Under the alliance agreement coordinated by Harvard’s Office of Technology Development (OTD), Resilience will fund faculty-initiated research focused on certain novel therapeutic and biomanufacturing technologies pioneered in University labs. The alliance also anticipates that these Harvard innovations may be commercially advanced by new companies formed by Resilience expressly to drive these technologies into clinical development and commercialization.
An initial technology platform has already been identified for incubation under the alliance, with promising applications in skeletal muscle disorders. In the Harvard lab of Lee Rubin, professor of Stem Cell and Regenerative Biology, researchers have developed a means to culture millions of cells in vitro that behave like skeletal muscle stem cells (satellite cells), retaining their regenerative potential, for use in possible cell therapies. Resilience is now funding the lab’s continuing work on the platform, aiming to further validate it, in a project led by staff scientist Feodor Price.
Meanwhile, Resilience has formed an entity called Circle Therapeutics, anticipating that Circle may carry the technology forward under license.
“For six decades since the discovery of the satellite cell, it has not been possible to expand therapeutic numbers of satellite cells in vitro, until we made real headway on it at Harvard,” said Rubin. “We’re truly excited for the possible therapeutic impact of our innovations.”
“Our mission at Resilience is to make a new generation of complex medicines, such as curative gene therapies, life-saving vaccines and immune-system-boosting cell therapies, more accessible to people in need,” said Rahul Singhvi, chief executive officer of Resilience. “Current biomanufacturing processes pose significant hurdles to making these medicines quickly, and at scale, which is why we are excited to work with researchers at Harvard to identify and develop the technologies needed to make this future a reality.”

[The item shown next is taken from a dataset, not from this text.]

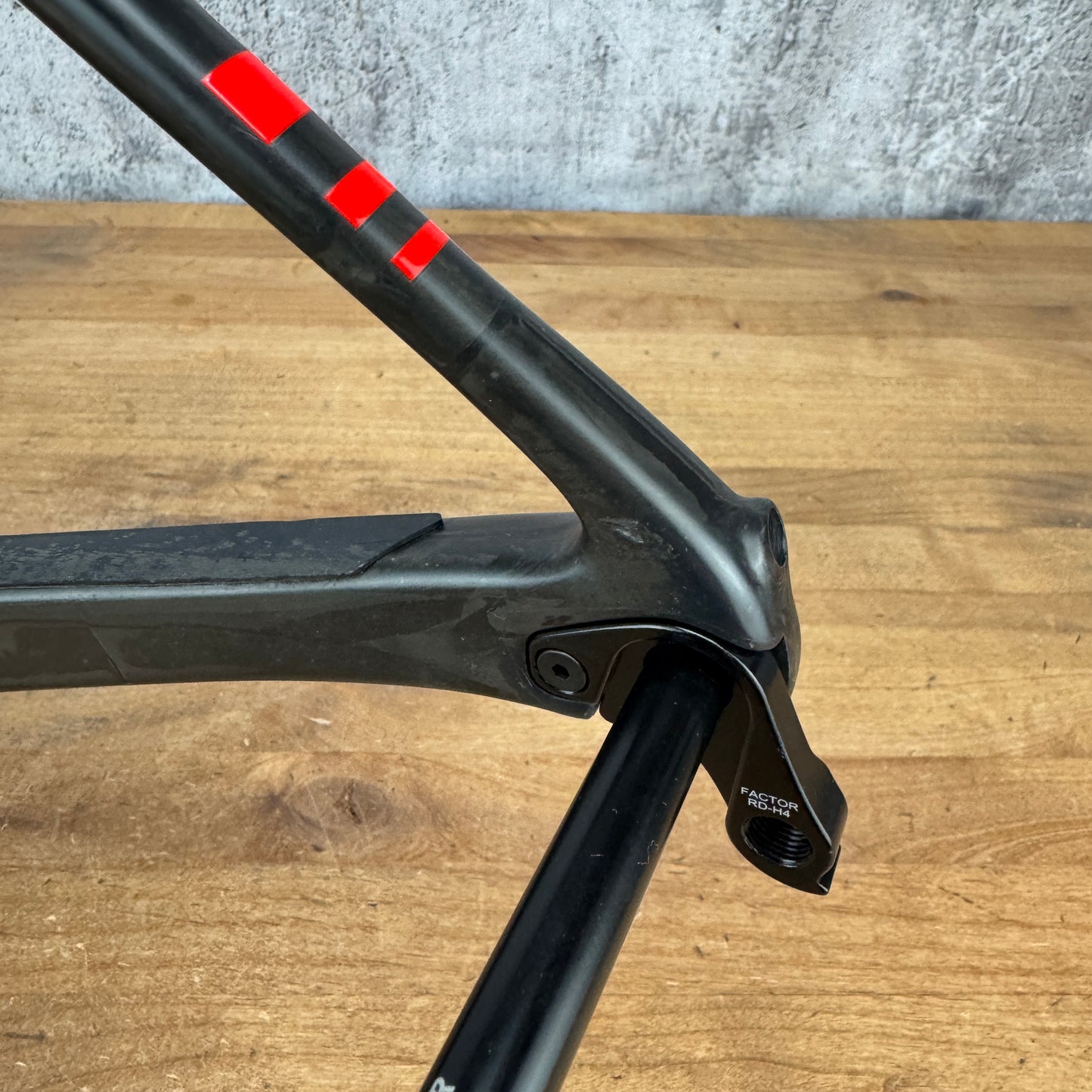 2020 Factor O2 VAM 52cm Carbon Disc Brake Road Bike Frameset 700c 1139g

“The Rubin Lab’s platform to expand and maintain in vitro-derived satellite cells could lead to transformative cell therapies,” said Vivian Berlin, executive director, HMS, at Harvard OTD, who leads OTD’s Corporate Alliances team. “With prior support from the Blavatnik Biomedical Accelerator, the team has compellingly demonstrated the clinical relevance of this work. Now with Resilience’s focused funding and experience in the development of complex medicines, we hope to set it on a clear path toward benefiting patients.”
Going forward, Resilience and Harvard will jointly issue a call for proposals to identify additional research projects to be funded at Harvard. Under the terms of the alliance, Resilience will receive an option to license technologies arising from funded projects.
“This research alliance with Resilience will help support biomedical innovation at Harvard,” said Isaac Kohlberg, Harvard’s chief technology development officer and senior associate provost. “Collaborating to both advance Harvard science and place arising technologies with dedicated new ventures, we can provide yet another valuable source of support and industry expertise to translational biomedical researchers across Harvard’s Schools as they seek to impact human health for the better.”